Kai sendiri tidak tahu harus bagaimana. Dia sangat kecewa dan marah pada Aya. Tapi, dia juga merasa lega karena Aya baik baik saja. Namun, ciuman yang diberikan Aya beberapa detik yang lalu membuatnya luluh. Kai berusaha menahan gejolak dalam dirinya yang merasa betapa dia bahagia saat ini. Itu dia lakukan untuk memberi Aya pengertian bahwa dia benar benar marah saat ini.
"Mas Kai, jangan marah..." rayunya dengan memanyunkan bibirnya dan menyipitkan matanya.
"Mas Kai, jangan marah..."
"Hmm, lupakan saja. Aku tidak marah." ucap Kai datar.
"Kalau begitu bantu aku ya."
"Hmm."
Kai pun mengambil gunting dan mengikuti apa yang diperintahkan Aya untuk dilakukan.
Dan sebenarnya meski Kai membantunya, Aya tahu Kai masih marah saat ini. Tapi, apa boleh buat Aya benar benar membutuhkan bantuan Kai saat ini. Hanya Kai yang terpikir olehnya saat sedang butuh bantuan mendadak.
"Maafkan aku, mas Kai. Tapi aku tidak ingin mengatakan itu. Aku tidak mau peduli dan tidak mau mengerti apapun tentang kamu Mas." bisik Aya dalam hatinya saat memperhatikan Kai yang begitu telaten membantunya menggunting kain yang akan dia jadikan baju untuk dikumpulkan sebagai tugasnya.
"Ouhsttt..." Kai tertusuk jarum.
"Mas Kai!" Aya mendekatinya, meraih tanganya yang tertusuk jarum hendak memeriksanya tapi dengan cepat Kai menarik tangannya menjauh dari Aya.
Kai menghisap darah diujung telunjuknya yang tertusuk jarum itu sendiri, sedangkan Aya hanya bisa melihat Kai dengan perasaan bersalahnya.
"Ini sudah selesai. Kamu tinggal menjahitnya saja lagi. Aku tidur duluan." ucap Kai yang langsung menuju kamar Aya.
"Mas Kai benaran marah sama aku."
Dia merasa ingin membujuk Kai, tapi tugasnya harus segera diselesaikan.
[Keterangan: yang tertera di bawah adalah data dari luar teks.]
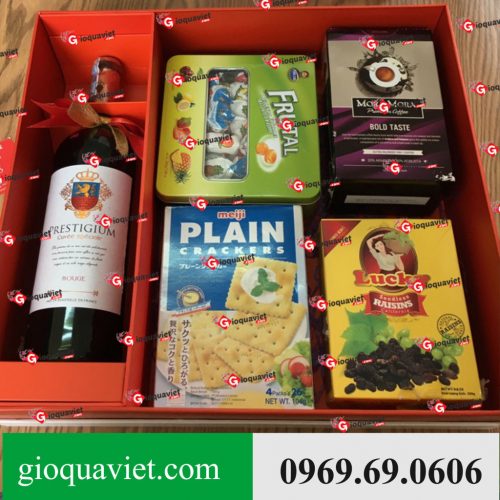 Hộp quà Tết HQ1831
Jadi dia pun bergegas kembali ke meja jahit untuk menyelesaikan proses pembuatan baju desain terbarunya.
Begitu selesai, Aya langsung menyusul Kai ke kamarnya yang ternyata Kai sudah tertidur lelap diranjangnya. Tidak menunggu lama, Aya ikut berbaring di sebelah Kai.
Tangan Aya sengaja dia gerakkan untuk menyentuh pundak Kai dan Kai pun merespon dengan menyelipkan lengannya kebelakang leher Aya dan membawa Aya dalam pelukannya.
"Maafkan aku, mas." bisik Aya.
"Jangan mengulangi seperti itu lagi, Ay. Aku benar benar mengkhawatirkanmu." jawab Kai sambil mengeratkan pelukannya.
"Aku janji tidak akan mengulangi lagi. Aku tidak akan menutup telepon sebelum memberikan penjelasan. Aku akan menjawab telpon meski sedang sibuk sekalipun."
"Tidak perlu melakukan hal seperti itu, Ay. Hanya jangan membuatku khawatir saja sudah sangat cukup. Aku benar benar takut sesuatu yang buruk terjadi padamu."
"Maafkan aku."
"Lupakan. Sekarang sudah waktunya tidur. Kamu juga ada kelas pagi kan besok?" tanya Kai yang diangguki oleh Aya.
Cup
Kai memberikan ciuman di kening Aya sebelum akhirnya mereka tertidur lelap diranjang yang sama dan hanya sekedar tidur saling berpelukan saja.
Kai sudah berjanji pada bundanya untuk tidak melakukan hal yang dilarang. Meski belum sepenuhnya, setidaknya Kai bisa menahan diri untuk tidak melakukan hal 'itu' lagi sejak dia berjanji pada bundanya dan sejak bertemu Cahaya.